Joas besloot om de tempel van de Heer te repareren. Hij liet de priesters en Levieten bij zich komen. Hij zei tegen hen: "Ga alle steden van Juda langs en haal geld bij de mensen op. Daarmee gaan we de komende jaren de tempel van de Heer repareren. Ik wil dat jullie hier haast mee maken." Maar ze deden niets.

Toen liet de koning de hogepriester Jojada bij zich komen. Hij zei tegen hem: "Mozes, de dienaar van de Heer, heeft opgeschreven dat iedereen die bij de getelden hoort, een vast bedrag aan de Heer moet geven.[c] Vroeger werd dat gebruikt voor het onderhoud van de tent van ontmoeting. Waarom heb je er niet voor gezorgd dat de Levieten uit Juda en uit Jeruzalem dat bij de mensen gaan ophalen? Want ik wil dat geld gebruiken voor de tempel. Want omdat Atalia zo slecht was, hebben haar zonen in de tempel van God ingebroken. Ze hebben zelfs alle heilige voorwerpen uit de tempel van de Heer gehaald. Ze hebben die gebruikt voor de aanbidding van Baäl."

De koning liet een kist maken. Die werd bij de poort van het huis van de Heer neergezet. En hij liet in Juda en in Jeruzalem omroepen dat de mensen daarin het geld moesten doen dat ze aan de Heer moesten betalen, zoals Mozes dat had opgeschreven toen Israël nog in de woestijn was. 10 Iedereen kwam van harte geld in de kist doen, totdat die helemaal vol was. 11 Zodra de Levieten zagen dat er veel geld in de kist zat, brachten ze de kist naar de ambtenaren van de koning.

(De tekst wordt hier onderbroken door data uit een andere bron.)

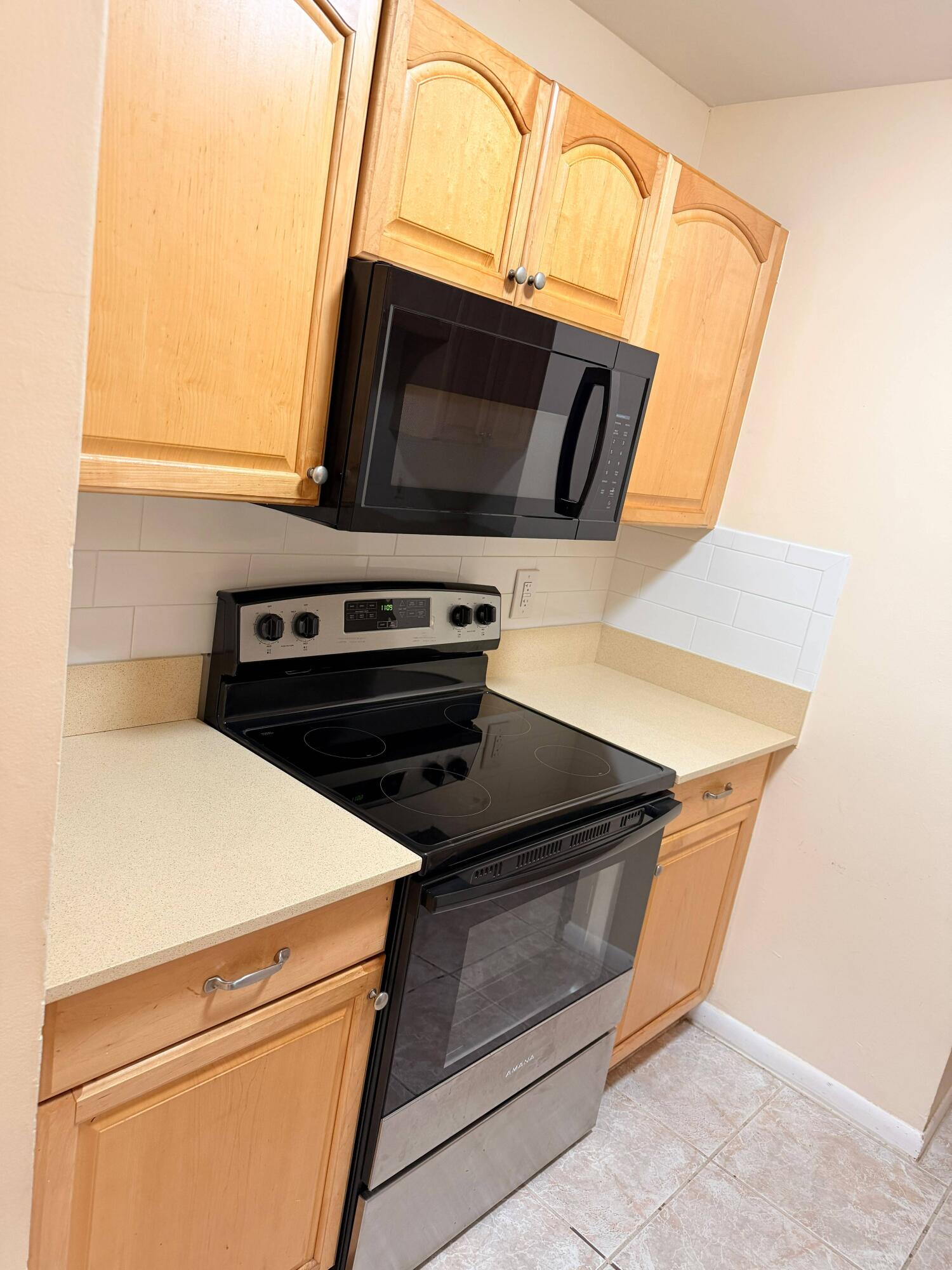 1020 Crystal Lake Drive 209 Property Photo 1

Dan kwam de schrijver van de koning het geld tellen. Hij deed dat samen met een priester die namens de hogepriester kwam. De kist werd geleegd en weer op zijn plek gezet. Zo werd het elke dag gedaan. Er werd heel veel geld opgehaald.

12 De koning en Jojada gaven dat geld aan de opzichters die ze hadden aangesteld. De opzichters huurden daarmee steenhouwers, timmermannen, ijzersmeden en kopersmeden. Zij zouden de tempel van de Heer gaan repareren. 13 Iedereen ging aan het werk en het werk schoot goed op. Ze repareerden de tempel van God en maakten hem weer zoals hij er vroeger had uitgezien. 14 Toen ze klaar waren, brachten ze het geld dat over was naar de koning en Jojada. Daarvan werden allerlei voorwerpen gemaakt voor de tempel van de Heer: allerlei gouden en zilveren voorwerpen voor de dienst in de tempel en voor de offers. Zolang Jojada leefde, werden er aldoor offers gebracht in de tempel van de Heer.

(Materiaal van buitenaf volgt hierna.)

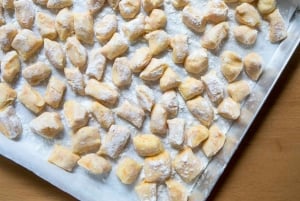 Milán: Clase de cocina vegetariana en casa de un lugareño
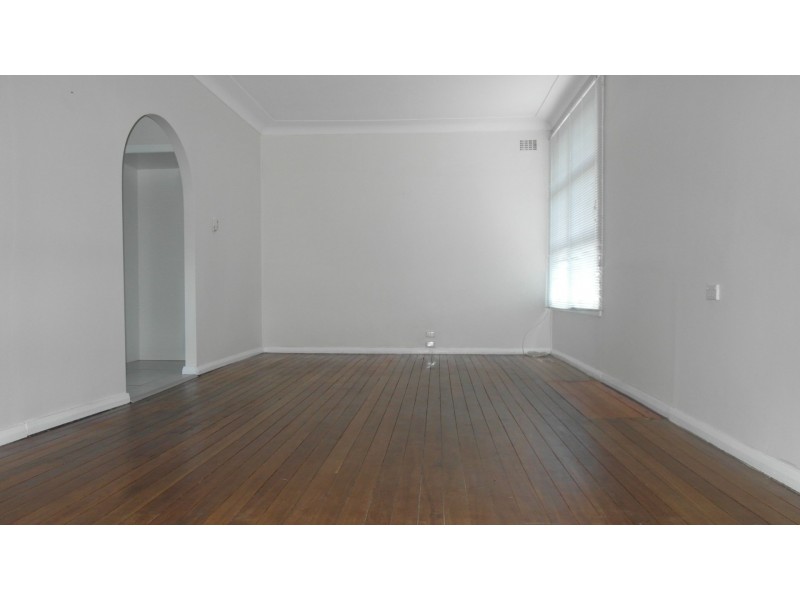 16 Gerald Street, Queanbeyan NSW 2620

15 De priester Jojada stierf oud en tevreden over zijn leven. Hij was toen 130 jaar. 16 Hij werd begraven in de 'Stad van David,' bij de koningen. Want hij had veel goeds gedaan voor het land, voor God en voor Gods tempel.

Joas verlaat God

17 Maar na de dood van de priester Jojada kwamen de leiders van Juda naar koning Joas en bogen zich voor hem neer. En de koning deed voortaan altijd alles wat zij zeiden. 18 De mensen gingen niet meer naar de tempel van de Heer, de God van hun voorouders. Ze aanbaden heilige palen en godenbeelden. Het was hun schuld dat God erg boos werd op Juda en Jeruzalem.

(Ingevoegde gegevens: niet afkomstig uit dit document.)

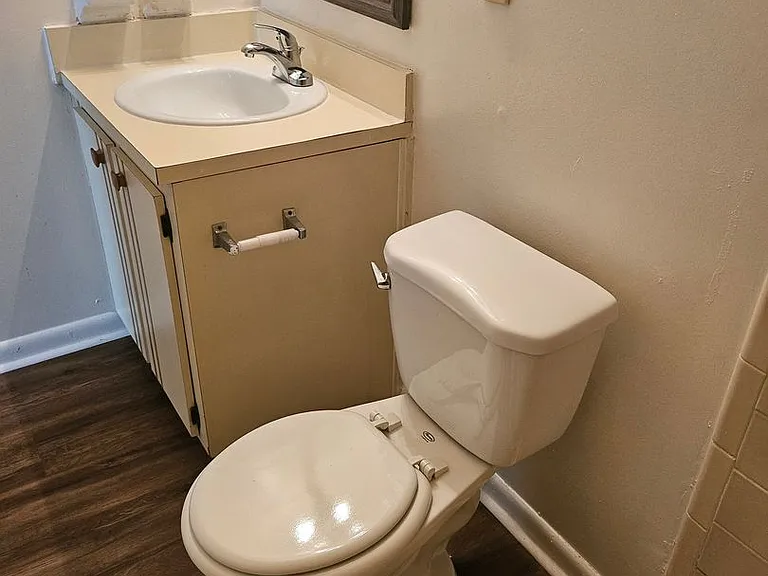 1343 Jefferson Ave #C — Photo 6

19 Daarom stuurde de Heer profeten. Zij waarschuwden de mensen dat ze de Heer weer moesten gaan dienen.[d] Maar de mensen wilden niet luisteren. 20 Toen kwam Gods Geest over Zacharia, de zoon van de priester Jojada. Hij was een leider van het volk. Hij zei tegen de leiders: "Dit zegt God: Waarom zijn jullie ongehoorzaam aan de wetten van de Heer? Omdat jullie Hem niet gehoorzaam zijn, zal het niet goed met jullie gaan. Jullie hebben de Heer verlaten. Daarom zal de Heer jullie óók verlaten." 21 Maar de leiders smeedden een samenzwering tegen hem. Op bevel van de koning werd Zacharia met stenen doodgegooid op het buitenplein van de tempel van de Heer. 22 Koning Joas was niet dankbaar voor wat Zacharia's vader Jojada allemaal voor hem had gedaan, maar doodde Jojada's zoon. Toen Zacharia stierf, zei hij: "De Heer ziet het. Hij zal jullie hiervoor straffen!"

Joas gestraft

23 Daarom werd Juda in het voorjaar van het volgende jaar aangevallen door het leger van Aram. De Arameeërs veroverden Jeruzalem en doodden alle leiders van het volk. De buit stuurden ze naar de koning van Aram in Damaskus. 24 Het leger van Aram was niet groot. Maar toch zorgde de Heer ervoor dat het leger van Aram het veel grotere leger van Juda kon verslaan. Zo gebruikte Hij Aram om koning Joas en de Judeeërs ervoor te straffen, dat ze de Heer, de God van hun voorouders, hadden verlaten. 25 De Arameeërs lieten Joas zwaargewond achter en vertrokken naar hun land.

Toen smeedden Joas' dienaren een samenzwering tegen hem, omdat hij de zoon van de hogepriester Jojada had laten doden. Ze vermoordden hem in zijn bed. Hij werd begraven in de 'Stad van David,' maar niet bij de andere koningen. 26 Dit zijn de namen van de mannen die de samenzwering hadden gesmeed: Zabad de zoon van de Ammonitische vrouw Simeat, en Jozabad de zoon van de Moabitische vrouw Simrit.

27 In de boeken met de geschiedenis van de koningen[e] staat alles over zijn zonen, over de vele waarschuwende woorden van de profeten tegen hem en over de reparaties aan de tempel. Zijn zoon Amazia werd na hem koning van Juda.

Footnotes

  1. 2 Kronieken 22:7 Lees 2 Koningen 8:25-29 en 2 Koningen 9:1-29. Ahazia was familie van Achab, doordat zijn moeder een dochter van Achab was.
  2. 2 Kronieken 23:16 Eigenlijk was dit een vernieuwing van het verbond dat al in de tijd van Mozes door de Heer met het volk gesloten was. Het volk en zijn koningen hadden zich al meer dan 100 jaar niet meer aan dat verbond gehouden.
  3. 2 Kronieken 24:6 Lees Exodus 30:11-16.
  4. 2 Kronieken 24:19 De profeet Joël is misschien één van die profeten geweest. In het bijbelboek JOËL is te lezen over de toestanden in de tijd van koning Joas.
  5. 2 Kronieken 24:27 Dit is een ander boek dan het bijbelboek KONINGEN. Maar ook in 2 Koningen 11 en 12 is meer te lezen over koning Joas.